A few posts ago I wrote about stovetop broiling steaks with the "Guardian Service Griddle Broiler," so this time we'll put its "griddle" function to task with pancakes. As Betty Gay waxes nostalgically in the Tested Recipes cookbook, "hot cakes or 'flapjacks,' as we called 'em back on the farm, with plenty of butter and maple syrup will make you feel that this old world's not so bad after all."
I had two distinctly different grandmothers. My father's mother Pauline, who lived "back on the farm" in North Dakota and cooked three large meals for the family and farmhands every day, had a more practical approach to cooking. My maternal grandmother, Muriel, was a professional musician and an excellent cook with a few "signature dishes"—and blueberry pancakes was one of them.
Muriel and Grandpa Ken rented a summer cottage in Rhode Island each year and when blueberries were at the peak of season she'd whip up memorable batches of those pancakes: light and fluffy but crisp and riddled with fresh berries running with juice that stained the cakes purple. Of course, she fried them stovetop in a quarter inch of oil in a cookie sheet... but as a once or twice in late summer treat, they were magical.
Andrew and I do our best to buy locally, seasonally and organically grown foods (or whichever of the combination we can find or afford) and while it's far from blueberry season, I have to admit a moment of weakness recently when Chilean blueberries showed up at our local grocer. A few days of unseasonably hot weather this week made it feel like summer and seeing those berries on sale made me long for Muriel's pancakes and ... I snapped. Fretting about the carbon footprint of this "inexpensive" pint of blueberries, I bought them anyway. In retrospect: I'd have been better off with a handful of chopped apple... fruit that's been shipped or stored or ripened out of season is always a disappointment and never ends up being "worth it." But sometimes these lessons have to be relearned...
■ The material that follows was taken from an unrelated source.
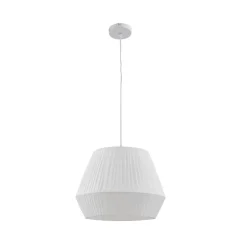 Lindby hængelampe Vitore, Ø 40 cm, tekstil, hvid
There's nothing unique about the GS pancake recipe (just make sure the baking powder is still active; test by pouring some hot tap water over a half teaspoon of baking powder—if it bubbles, it's still fresh enough; if not, the pancakes won't rise). What's crucial here is technique: the timing and the griddle heat.
Who needs Teflon? The trick to non–stick cooking on the Guardian Service Griddle is the heat. To prevent pancakes from sticking and burning, first warm the griddle for 5-7 minutes on a medium heat (1/2 flame on a gas stove) then test with a bit of cold water. I wrote about this "water test" in the steaks post, but I've taken a few more pictures to show you another example of the "dashing around like mad" effect mentioned in the cookbook: when the griddle is at optimum heat a bit of cold water poured on the griddle will retain it's shape, like globules of mercury rolling across the surface. If the water spreads out and sizzles, it's not quite hot enough and if it evaporates instantly it's too hot. Just set it off the heat for a few minutes.
"No need to worry about overtaxing the family's digestive system because Guardian hot cakes are baked—not fried in grease," notes Gay in the intro to "Hot Cakes... without grease or smoke." In effect, you are "baking" the pancakes on a greaseless griddle and, as with all GS cookware, the aluminum evenly distributes heat so you can cook 5 or 6 average-sized (not IHOP big-as-your-head sized) flapjacks at a time.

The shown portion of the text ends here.